基本この防御が生命線やのに時間経過で無くなるとか、なんか他の要因で切れるとかやと、メチャしんどくなるんよな。
一瞬、フライに軽く魔法当ててもらおうかとも思ったけど、もし痛かったら嫌やしやめて正解やろ。
魔法とか何それ、こわー
ウサ公に、腕位なら突撃されても死ぬ事ないやろーし、それで試そっと。
おっとナイフ要るとか、ゆーてたな、ナイフ位なら俺でも振れるやろ金足りるかのぉ
通りを、遠くに見える門の方に向かって歩いてると金槌のマークの看板が見えた。わかりやすいの!
ここは普通の扉やの? スイングドアさんや無いみたい。つまらんのぉ。そのドアを開けると
「ちゃーす。おっちゃんーナイフ欲しいんやけど安いのあるー?」
カウンター向こうに小柄な筋肉質の男、この世界筋肉質な男多すぎへん? みんな筋トレマニアかなんかかな? しんどいわぁ。
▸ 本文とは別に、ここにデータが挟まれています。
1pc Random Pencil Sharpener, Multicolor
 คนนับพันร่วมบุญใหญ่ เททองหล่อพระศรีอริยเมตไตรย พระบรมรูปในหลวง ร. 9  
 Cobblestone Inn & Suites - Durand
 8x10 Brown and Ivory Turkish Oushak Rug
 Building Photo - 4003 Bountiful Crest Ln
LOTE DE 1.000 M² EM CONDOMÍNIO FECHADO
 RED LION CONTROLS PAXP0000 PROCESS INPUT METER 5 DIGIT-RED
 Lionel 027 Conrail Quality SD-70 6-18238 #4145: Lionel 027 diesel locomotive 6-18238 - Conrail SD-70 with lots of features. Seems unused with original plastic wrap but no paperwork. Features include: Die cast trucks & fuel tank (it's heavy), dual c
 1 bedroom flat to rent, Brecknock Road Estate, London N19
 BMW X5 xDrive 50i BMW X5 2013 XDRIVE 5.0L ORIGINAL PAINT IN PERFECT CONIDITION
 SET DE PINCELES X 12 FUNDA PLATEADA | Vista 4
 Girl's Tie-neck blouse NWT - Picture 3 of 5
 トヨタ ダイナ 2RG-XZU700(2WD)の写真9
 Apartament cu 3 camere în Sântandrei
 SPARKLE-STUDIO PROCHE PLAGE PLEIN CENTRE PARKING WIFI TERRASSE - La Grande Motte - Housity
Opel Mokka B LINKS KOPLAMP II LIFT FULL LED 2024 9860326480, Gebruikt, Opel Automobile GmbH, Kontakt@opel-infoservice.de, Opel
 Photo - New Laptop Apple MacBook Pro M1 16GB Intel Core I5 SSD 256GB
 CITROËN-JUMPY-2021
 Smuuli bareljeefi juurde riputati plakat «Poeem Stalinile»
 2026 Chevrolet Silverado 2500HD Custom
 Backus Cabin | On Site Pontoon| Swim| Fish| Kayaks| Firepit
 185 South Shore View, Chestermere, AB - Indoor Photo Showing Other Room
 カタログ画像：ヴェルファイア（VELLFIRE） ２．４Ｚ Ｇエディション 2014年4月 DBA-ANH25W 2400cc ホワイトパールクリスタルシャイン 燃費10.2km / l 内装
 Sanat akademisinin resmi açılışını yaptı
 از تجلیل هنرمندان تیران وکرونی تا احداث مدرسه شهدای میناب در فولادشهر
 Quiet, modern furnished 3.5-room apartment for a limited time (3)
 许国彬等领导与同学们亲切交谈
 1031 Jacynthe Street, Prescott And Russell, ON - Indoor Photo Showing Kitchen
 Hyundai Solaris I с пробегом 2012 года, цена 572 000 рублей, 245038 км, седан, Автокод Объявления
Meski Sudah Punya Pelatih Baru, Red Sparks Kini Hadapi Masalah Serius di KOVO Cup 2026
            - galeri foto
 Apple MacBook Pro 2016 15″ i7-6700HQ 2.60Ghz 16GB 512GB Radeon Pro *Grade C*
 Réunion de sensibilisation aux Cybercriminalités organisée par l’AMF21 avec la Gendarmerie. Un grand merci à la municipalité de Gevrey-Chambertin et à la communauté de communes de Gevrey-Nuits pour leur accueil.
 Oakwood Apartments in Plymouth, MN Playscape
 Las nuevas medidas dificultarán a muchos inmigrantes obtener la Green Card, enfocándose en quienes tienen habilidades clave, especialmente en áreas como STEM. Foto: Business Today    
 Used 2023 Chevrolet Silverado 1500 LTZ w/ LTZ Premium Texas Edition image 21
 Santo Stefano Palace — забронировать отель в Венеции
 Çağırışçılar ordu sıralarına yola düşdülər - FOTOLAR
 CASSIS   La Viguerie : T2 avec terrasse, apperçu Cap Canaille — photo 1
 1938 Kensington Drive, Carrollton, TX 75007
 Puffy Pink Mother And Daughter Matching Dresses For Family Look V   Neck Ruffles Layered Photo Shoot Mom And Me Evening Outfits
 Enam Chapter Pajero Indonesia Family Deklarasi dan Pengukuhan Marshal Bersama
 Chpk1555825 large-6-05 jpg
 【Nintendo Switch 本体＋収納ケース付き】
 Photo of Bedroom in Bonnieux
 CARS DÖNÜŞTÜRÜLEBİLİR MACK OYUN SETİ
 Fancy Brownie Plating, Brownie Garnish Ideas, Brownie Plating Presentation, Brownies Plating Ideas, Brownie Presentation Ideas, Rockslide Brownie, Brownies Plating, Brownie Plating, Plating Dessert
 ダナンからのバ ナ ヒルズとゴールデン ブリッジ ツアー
「おう。みない顔だな。ナイフならほれそこに有るのだぞ」
「おっすおらハレオ、Gランク冒険者なんだぞ! よろしくな! 」
「陽気な男だな。ほれ勝手に見ろ」
「へぇーナイフってこんなんなんやなー
実物なんか見た事も、触った事も無かったわ」
「どうした? どんな用途で使うんだ? 」
「えーと、草原に居る、ウサギ倒す用かな? 」
「なぁ? 一つ聞いて良いか? 」
「なんだい、ドワーフっぽい男よ」
「ドワーフっぽいってドワーフなのだが。まぁ良い、それでなぜ上半身裸なんだ? 」
「実はな……理由は無いんだ。
ただ服は高いらしく手持ちじゃ買えそーに無いので裸なだけだ! 」
「そうか。変わったヤツだな。
それならウサギ用のナイフと上着、銀貨二枚で用意しようか? 」
「おぉ、それ位の値段ならマジ助かる、買った! 」
この鍛冶屋、良い人ランキング二位に入りそうな位ええ人やの。
一位? ジルさんだぞ。はよ金貨返さんとあかんのぉー
「ほれ、ナイフはこれ、服はこれだ。ナイフ用の簡単な鞘も付けといてやったぞ」
「あざーす。おお! 服を着るだけで文明人に
なった気分だな! 」
出された服は奴隷が着てそうな服だった。
無いよりマシかと思う事にした。
「ほんじゃ行くわ。鞘まで、ありがとなーまた来るわー」
「おう、じゃあな! 」
店を出て歩けばすぐそこに門が見えた。